**DIRECTIONS FOR THIS TASK**
Although the records contain pictures, none belong in the copy: restate word for word only the lines from the one with "China big spot" through the one with "Melanoma Skin Cancer", both included.

━━━━━━━━━━━━━━━━

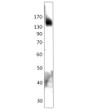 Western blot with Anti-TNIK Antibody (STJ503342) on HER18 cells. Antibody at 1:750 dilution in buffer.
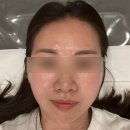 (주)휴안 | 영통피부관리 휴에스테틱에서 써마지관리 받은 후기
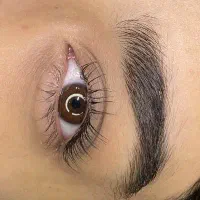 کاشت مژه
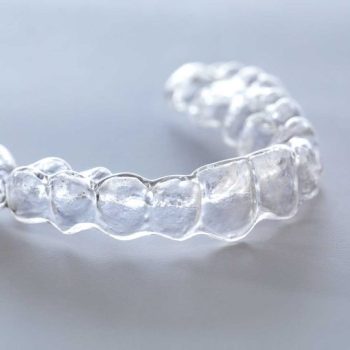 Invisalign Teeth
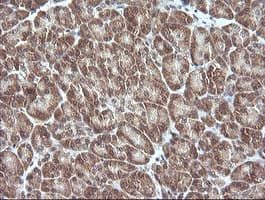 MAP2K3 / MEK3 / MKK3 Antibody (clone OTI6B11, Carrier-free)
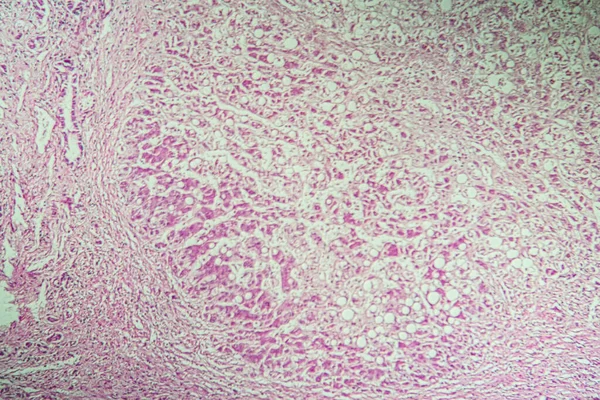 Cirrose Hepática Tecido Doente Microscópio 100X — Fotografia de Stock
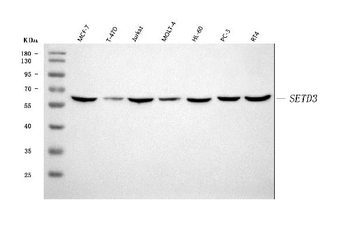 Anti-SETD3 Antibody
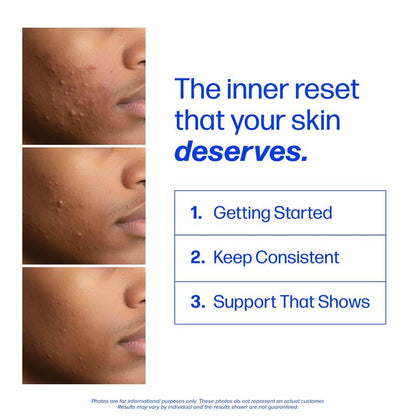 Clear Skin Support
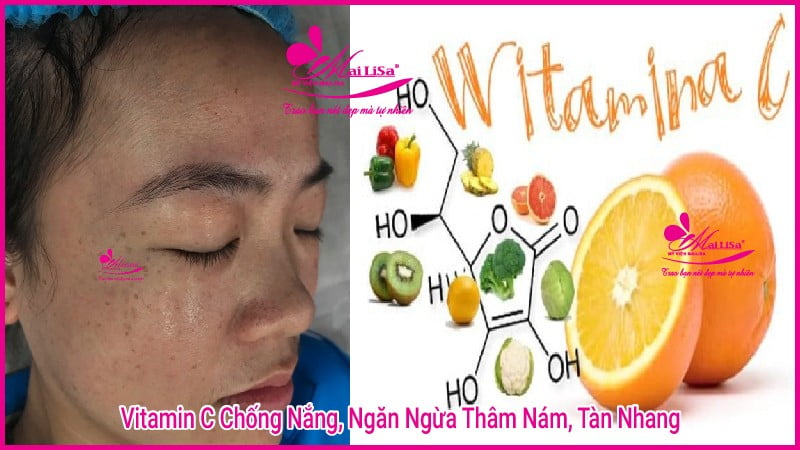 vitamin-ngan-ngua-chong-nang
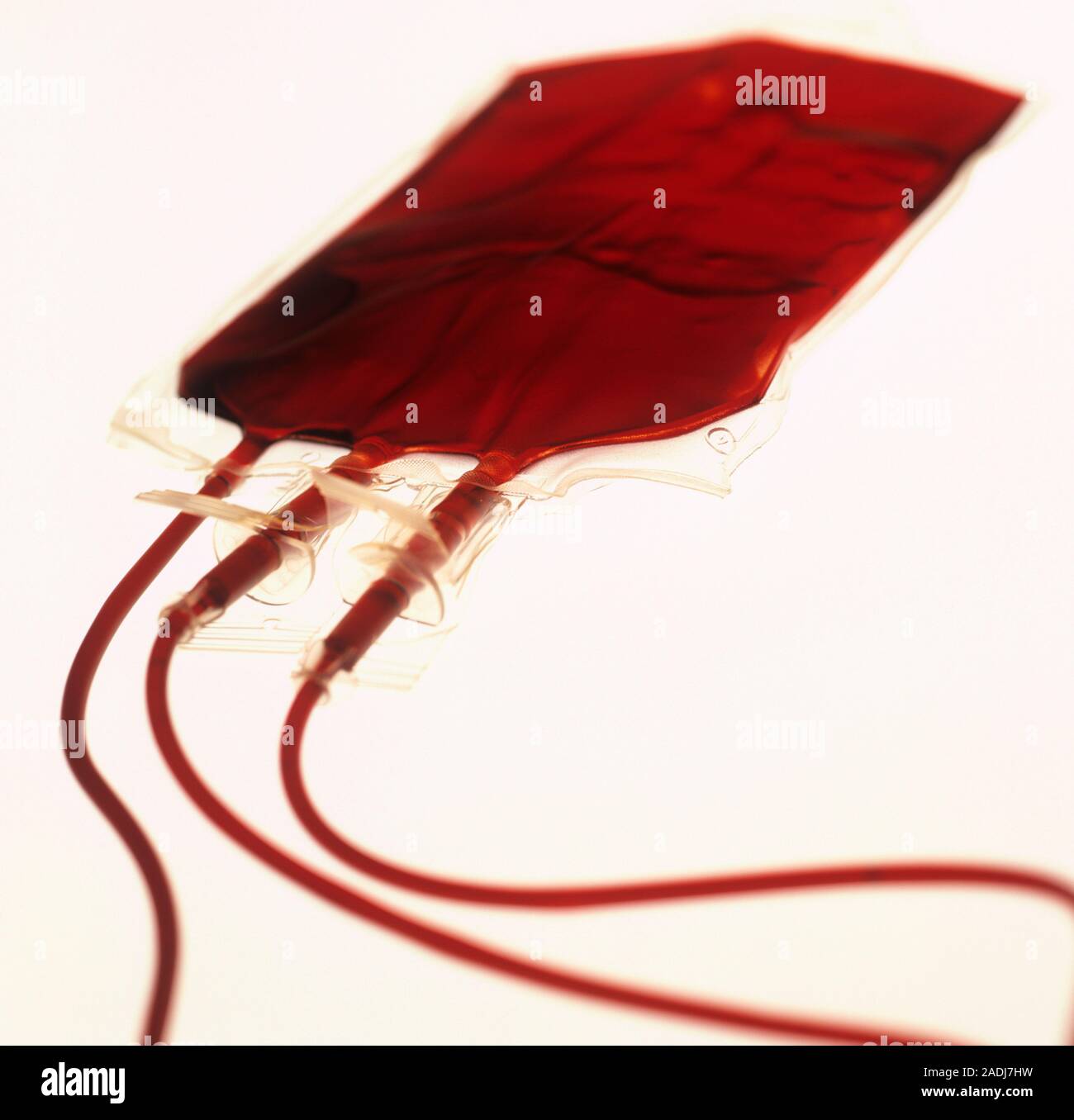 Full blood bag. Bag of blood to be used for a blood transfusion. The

━━━━━━━━━━━━━━━━

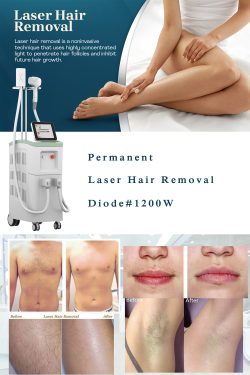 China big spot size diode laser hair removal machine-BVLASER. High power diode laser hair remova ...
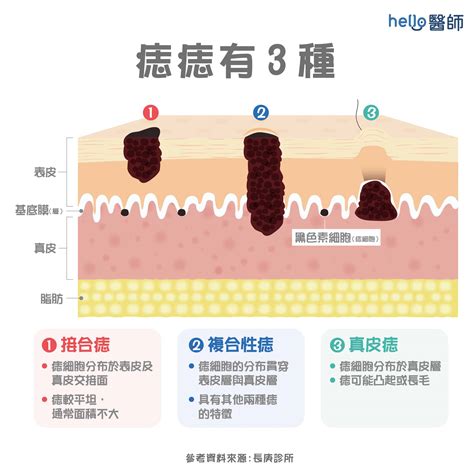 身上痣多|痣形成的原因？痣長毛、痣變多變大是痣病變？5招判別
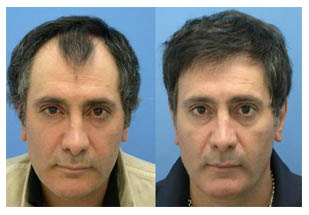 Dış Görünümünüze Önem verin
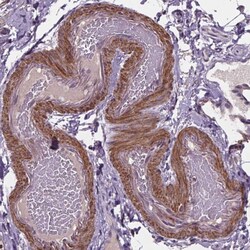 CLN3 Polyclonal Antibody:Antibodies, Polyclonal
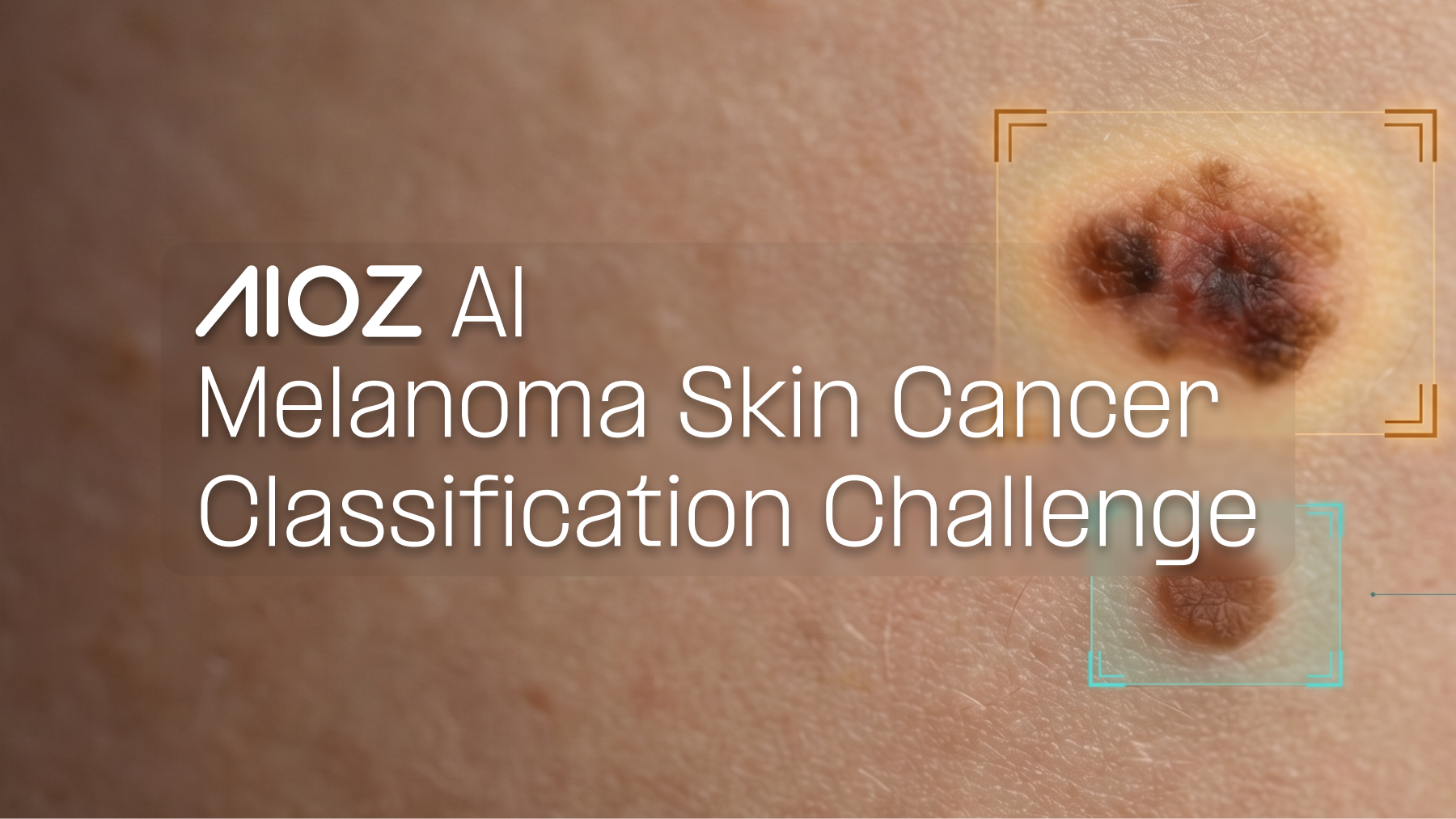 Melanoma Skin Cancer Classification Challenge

━━━━━━━━━━━━━━━━

**EXERCISE RESPONSE**
 China big spot size diode laser hair removal machine-BVLASER. High power diode laser hair remova ...
 身上痣多|痣形成的原因？痣長毛、痣變多變大是痣病變？5招判別
 Dış Görünümünüze Önem verin
 CLN3 Polyclonal Antibody:Antibodies, Polyclonal
 Melanoma Skin Cancer Classification Challenge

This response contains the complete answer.